Monday, Dec. 5, 2011, 4:00 PM
Cullimore, Room 611
New Jersey Institute of Technology


Numerical simulations of the Nonlinear Rayleigh-Taylor Instability

Praveen Ramaprabhu


Mechanical Engineering and Engineering Science, University of North Carolina at Charlotte



The Rayleigh–Taylor (RT) instability (after Lord Rayleigh and G. I. Taylor) occurs when a light fluid is separated from a heavy fluid by a sharp interface and an acceleration is directed from the light fluid to the heavy. The classic Rayleigh-Taylor problem consists of a dense fluid on top of a light fluid in the presence of a gravitational acceleration. Understanding Rayleigh-Taylor instability is particularly important to Inertial Confinement Fusion (ICF), a process where nuclear fusion reactions release large quantities of energy by heating and igniting a target fuel.

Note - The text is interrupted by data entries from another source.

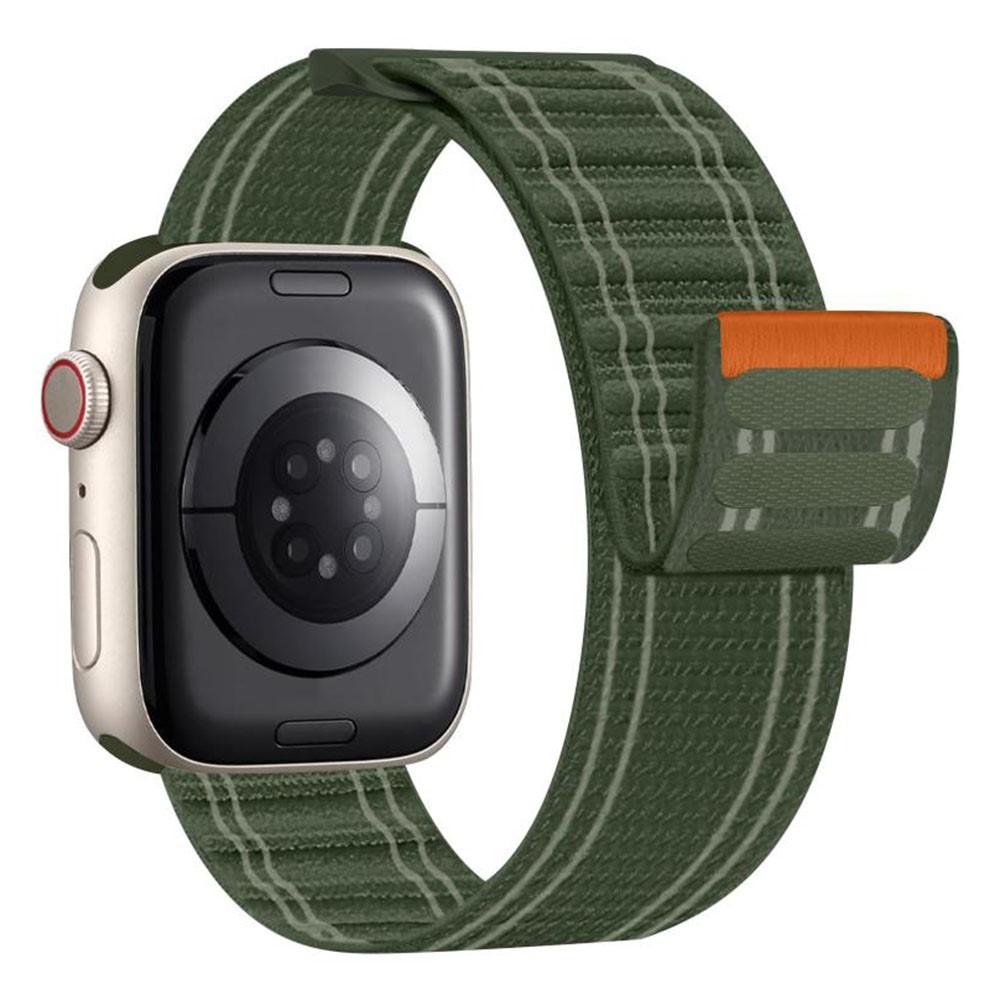 Delta nylon szíj az Apple Watch 12/11/10 42 mm-es és 9/8/7 41 mm-es modellekhez – zöld
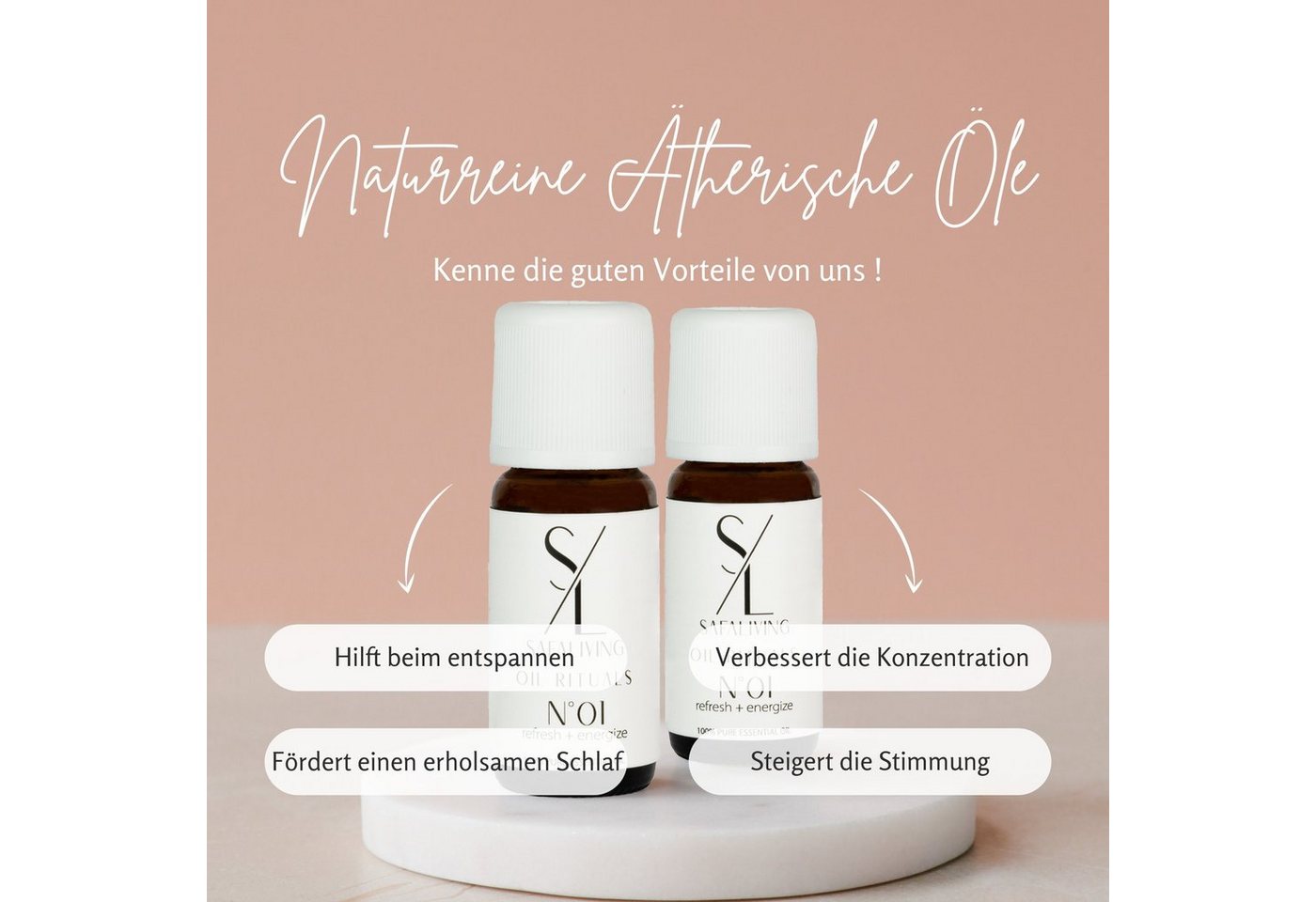Safaliving Duftlampe Refresh + Energize Ätherisches Öl 100% Naturrein 10ml Made in Germany (1 St) – Bild 3 von 4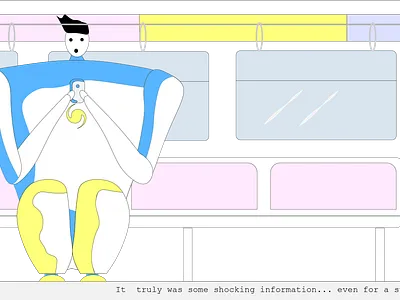 Even for a superhero branding canada design flat hero human illustration large line miniatures minimal person pink shocking subway super typography ui ux web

Mixing due to RT and other hydrodynamic instabilities reduce the energy yield from the ICF process. RT instability and mixing also plays a key role in nuclear stockpile management, Type 1a supernovae detonations, atmospheric inversions, extraction of oil, etc. The nonlinear phase of RT evolution has traditionally been described by potential flow-type models. I will describe recent numerical simulations that challenge the validity of well-established potential flow models that have stood for over fifty years. In contrast to the terminal velocity predicted by the potential flow theory, RT bubbles instead experience transients in the form of an acceleration before saturating at a higher Froude number (velocity non-dimensionalized). This transient behavior is explained by the formation of secondary instabilities such as Kelvin-Helmholtz vortex rings that drive the bubbles to acceleration through an induced velocity. Other factors affecting the secondary Kelvin Helmholtz structures such as density contrast and viscosity were studied using numerical simulations and will be presented. These results will significantly impact our understanding of the turbulent flow counterpart in a variety of applications.